Apple has hidden a poem inside OS X that warns users not to pirate the operating system.
There once was was a user that whined
his existing OS was so blind,
he'd do better to pirate
an OS that ran great
but found his hardware declined.
Please don't steal Mac OS!
Really, that's way uncool.
What's the deal?
Basically, Apple wants to make it hard to run its Intel-based OS X on PCs, by AES-encrypting some key applications like Finder, Dock, and Rosetta (ha, sounds like instruction-set randomization again!). Of course, there must be something behind the scene to restore (read: decrypt) the scrambled binaries. Apple uses a kernel extension dsmos (/System/Library/Extensions/Dont Steal Mac OS X.kext) to do this job. For now this decryption is all done in software, and I suppose the binaries are statically encrypted with fixed keys. So this extra protection doesn't help much with defeating piracy. In the future though, I'd expect Apple to make use of TPM to authenticate the hardware and do the decryption.
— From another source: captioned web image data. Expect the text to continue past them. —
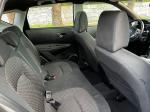 nissan-qashqai-2008-diesel-1461cc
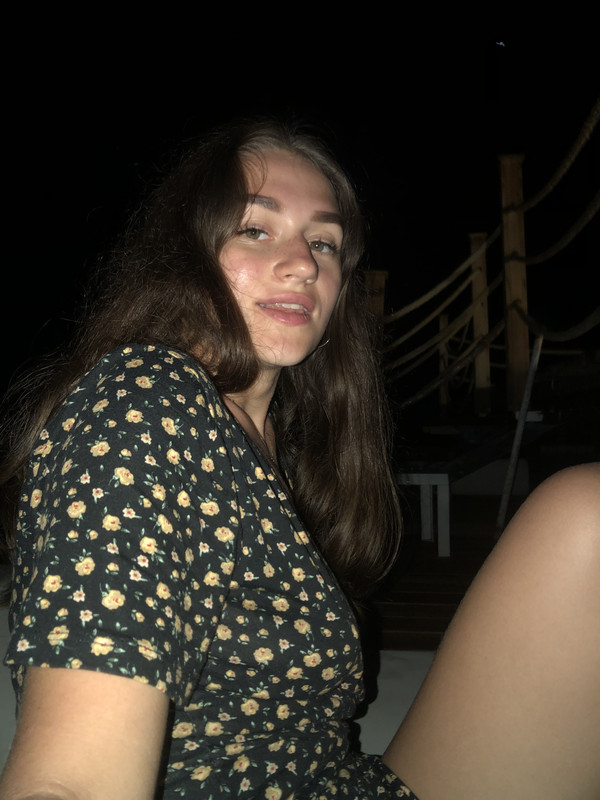 EF44F843-E1EE-4AE8-8F0E-7F84FD478F5B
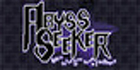 ABYSS SEEKER What Do You See Deep in The Abyss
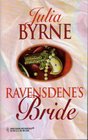 Ravensdene's Bride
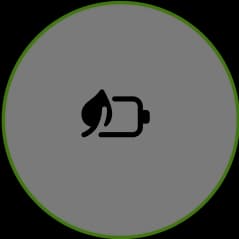 Electric Commercial Vehicle Batteries & EV Batteries
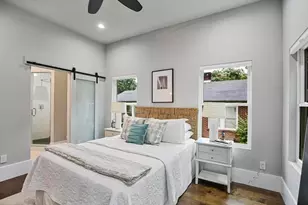 79 Adair Ave SE, Atlanta, GA 30315 - Photo 14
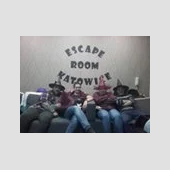 Strach się bać...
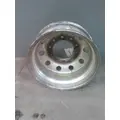 HUB PILOTED - ALUMINUM 22.5 X 8.25 WHEEL thumbnail 1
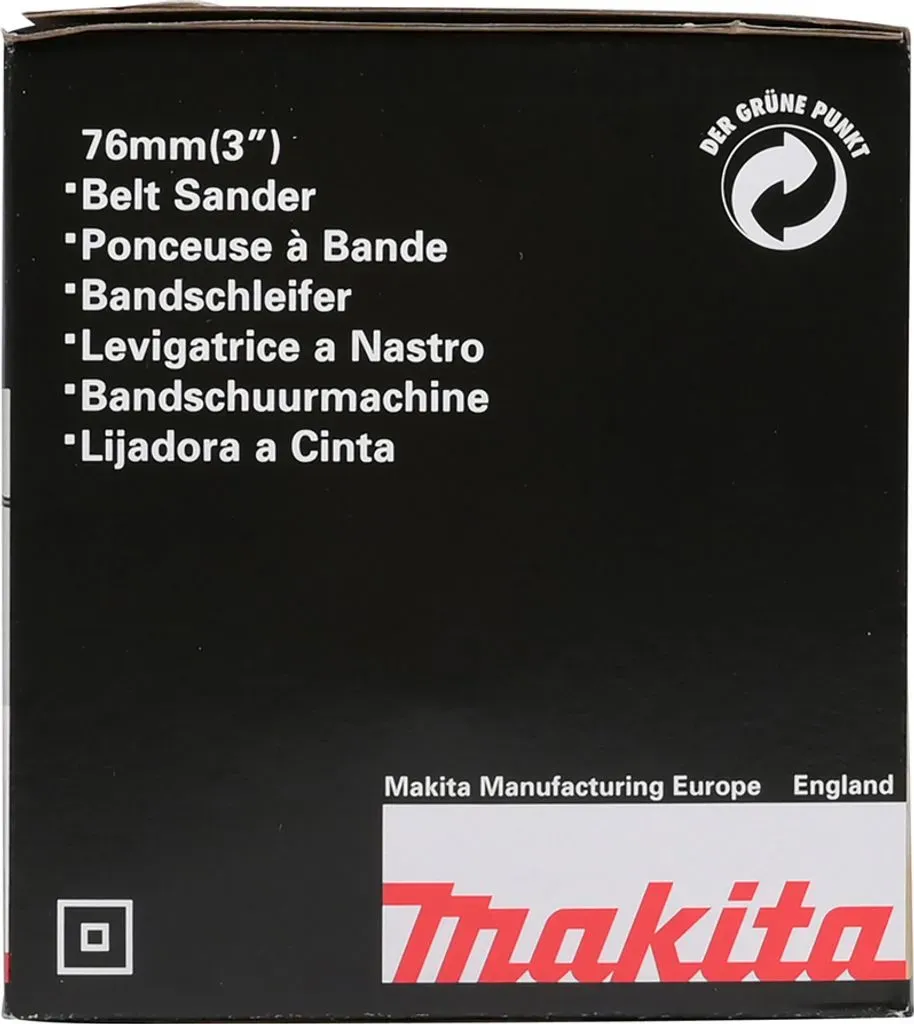 Produktbild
The major obstacle of OS X86 (aka Hackintosh), is that legacy PCs only come with BIOS, but OS X only runs on EFI. Hackers had to either patch the kernel to remove its dependence on EFI, or patch the bootloader to emulate EFI so that the vanilla kernel can run. Ironically, Apple had the same problem the other way around: it upgraded its EFI to include BIOS support so that Windows XP can run. Besides the EFI hack, SSE3 instructions in the kernel have to be patched or emulated on old CPUs.